19th Amendment Centennial (SC)

Published in 2020 to mark the centennial of the women's suffrage amendment

Celebrating the 19th Amendment Centennial

This research guide and companion zine were created in summer 2020 to celebrate the centennial of the ratification of the 19th Amendment and the culmination of two years work on the In Her Own Right project.

The 19th Amendment to the U.S. Constitution, granting women the right to vote, did not happen in a vacuum. It was the culmination of decades - indeed, centuries - of activism by women, asserting their own rights and the rights of others, in a variety of spheres. The first ever women’s rights convention was held at Seneca Falls, New York in 1848, nearly three-quarters of a century before the 19th Amendment was ratified in 1920. But it is important to see how the Seneca Falls Convention itself was part of an interconnected network of reform movements that saw women fighting for such causes as education, prison reform, temperance, peace, and, most importantly, abolition of slavery. While anti-slavery and women’s rights activism were intertwined in the mid 19th century, of course, African American women found themselves precisely at the center of that intersection.

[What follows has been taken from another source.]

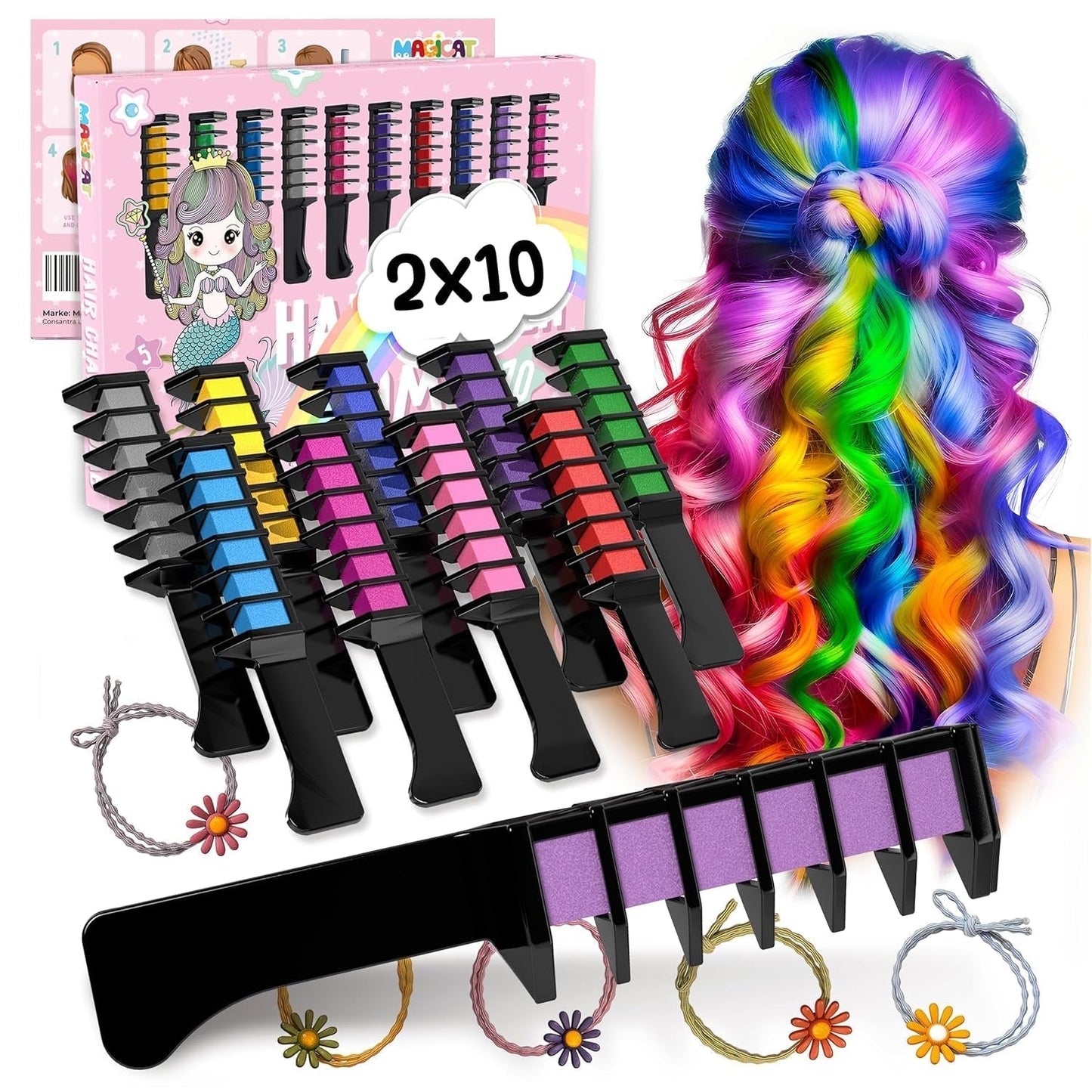 Magicat Hair Chalk for Girls Set I 10 smývatelných barev a 5 vlasových sponek I Dárek pro dívky od 4 let do 10 let I Kreativní dárek pro dětskou narozeninovou oslavu 2025 I Bezpečná a barevná barva na vlasy Naty Shop 400 G (1 balení)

While the 19th Amendment purported to award voting rights to American women, in reality many American women were barred from voting. Until 1952, American women of Asian descent were prevented from voting because federal policy barred them becoming U.S. citizens and having the right to vote. Obstacles such as poll taxes and bogus literacy tests blocked women of color, especially Black women, from voting, particularly in the South, until the passage of the 1964 Civil Rights Act and 1965 Voting Rights Act. Native American women still faced a variety of barriers to voting in the wake of the 19th Amendment, and some of these challenges continue to exist today. Most recently, a Native American Voting Rights Act (H.R. 1694) was introduced to U.S. Congress in March 2019. In nearly every state, incarcerated women are denied the right to vote. In more than half of states, they do not regain that right even after release from prison, until the end of parole, probation, or even longer. Because people of color are incarcerated at disproportionate rates, these policies have an outsized impact on communities of color.

"A Movement of Doers" : a Suffrage Centennial Zine from Swarthmore College Libraries

This research guide is the companion of a zine created by Swarthmore College Libraries to highlight 19th and 20th century woman activists, particularly Quaker women, diverse women who worked closely with Quakers, and women active in the Peace movement.

In Her Own Right

This research guide and zine are the culmination of two years of Swarthmore's intensive work on the In Her Own Right project, a multi-institutional digitization project focusing on documentation of women’s activism, 1820-1920. In Her Own Right is a project of the Philadelphia Area Consortium of Special Collections Libraries (PACSCL) and received funding from the Council on Library and Information Resources (CLIR), National Endowment for the Humanities (NEH), The Gladys Krieble Delmas Foundation, and New Century Trust.